Juncker en a tant dit que l’on ne sait pas trop quel ordre d’importance il convient d’accorder à ses annonces : nomination d’un ministre européen des Finances, établissement d’un socle social commun, transparence sur les accords de libre-échange, fusion de son poste avec celui de président du Conseil pour doter l’UE d’un seul visage, etc. Du concret donc, mais aussi un rappel aux principes fondamentaux de l’UE : la liberté, l’égalité et l’État de droit. Sans les citer, il a fustigé Hongrois et Polonais pour les largesses qu’ils prennent avec ces valeurs. Il a averti la Turquie qu’en l’état actuel, son adhésion à l’UE est exclue. Pour les bons points, il a chaleureusement salué l’Italie, qui «sauve l’honneur de l’Europe» dans la crise des réfugiés.

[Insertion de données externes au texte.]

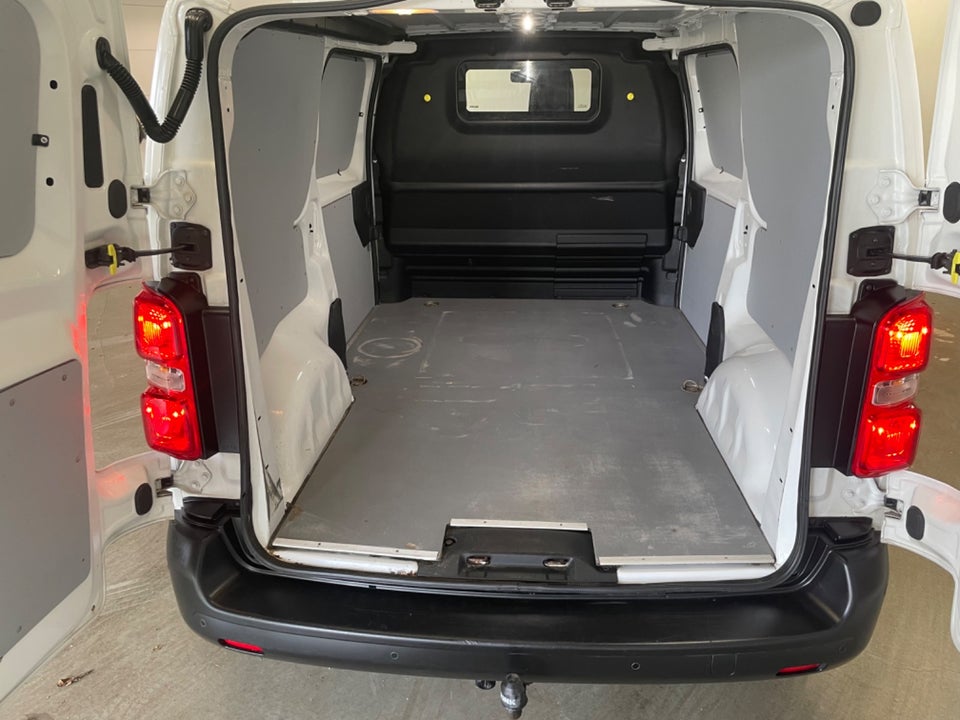 Toyota ProAce 2,0 D 122 Medium Comfort Master aut. 5d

De cette parole magnifiée aux actes, il y a cependant un vaste océan à franchir et tout ne se trouve pas entre les seuls mains du Luxembourgeois. Aux chefs d’État ou de gouvernement de l’UE à saisir la barre, nombre de ces réformes importantes requérant leur accord unanime. De son côté, le président de la Commission devra s’atteler à la réforme de l’immense appareil bureaucratique dont il a la charge car il est trop souvent perçu par les citoyens comme le docile serviteur d’intérêts financiers particuliers. Cela a encore été le cas cet été sur la question des perturbateurs endocriniens.
Le discours délivré par Juncker était à la hauteur des enjeux vitaux se posant à l’Union européenne. À condition cependant que cela ne soit pas juste du vent, un catalogue de louables promesses sans lendemain, juste pour se ménager un répit dans la tempête.